Derzeit gibt es ja verschiedene Hersteller, die an elektrischen Maschinen arbeiten, sei es in der Landtechnik oder bei Baumaschinen. Wie unterscheidet sich Ihr Konzept davon?

Götz: Bei den meisten Projekten werden bestehende Maschinen elektrifiziert, d.h. man tauscht den Verbrennungsmotor gegen einen Elektromotor und Batterie. Aber um die Möglichkeiten des elektrischen Antriebsstrangs für den Nutzer komplett auszuschöpfen, muss die Maschine von Grund auf neu ausgelegt werden. Dazu zählt z.B., dass die Leistung von der Zugmaschine auf das Arbeitsgerät nicht mehr mechanisch bzw. hydraulisch über die Zapfwelle übertragen werden muss, sondern elektrisch.
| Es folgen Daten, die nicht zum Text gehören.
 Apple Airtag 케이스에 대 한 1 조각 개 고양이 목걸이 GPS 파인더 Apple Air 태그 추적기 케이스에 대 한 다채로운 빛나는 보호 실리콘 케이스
Das bietet neue Möglichkeiten bei der Regelung und bei der Entkopplung der Leistung der Zugmaschine von der des Anbaugeräts. Unser Ziel ist es, eine modulare Plattform zu entwickeln, bei der wir dann verschiedene Konfigurationen aufsetzen können, je nach Anwendungsfall.

Welche wären das beispielsweise?

Götz: Ein elektrischer Traktor bringt aus unserer Sicht vor allem Nutzen in bestimmten Bereichen wie der Innenwirtschaft, im Obst- oder Weinbau oder bei Pflegearbeiten. Genau für diese Anwendungen können wir per Simulation das optimale Design der Maschine auslegen und Kosten und Nutzen bewerten. Wir klammern den schweren Ackerbau zwar erst einmal aus, können ihn aber auch bewerten.

Elektrische Maschinen sind oft teurer als herkömmliche mit Verbrennungsmotor. Warum sollte sich der Landwirt trotzdem für eine E-Variante entscheiden?

Götz: Ja, die Erstinvestition ist höher. Allerdings bietet Strom heute schon im laufenden Betrieb Einsparungen gegenüber Diesel. Und man muss beim Dieselkraftstoff mit steigenden Kosten rechnen. Ein Elektrotraktor fährt besonders günstig, wenn der Landwirt eigenen Strom verwendet. Wir sind ja jetzt in einer Phase, wo viele große Photovoltaikanlagen auf den Dächern von Ställen und Scheunen nach und nach das Ende der 20-jährigen EEG-Laufzeit erreichen. Der Landwirt bekommt dann keine hohe Einspeisevergütung mehr, sondern muss den Strom irgendwie anders verwerten. Daher bietet sich der Selbstverbrauch an. Genauso denkbar ist aber auch, den Strom aus dem BHKW einer Biogasanlage oder eines Windrads zum Laden zu verwenden.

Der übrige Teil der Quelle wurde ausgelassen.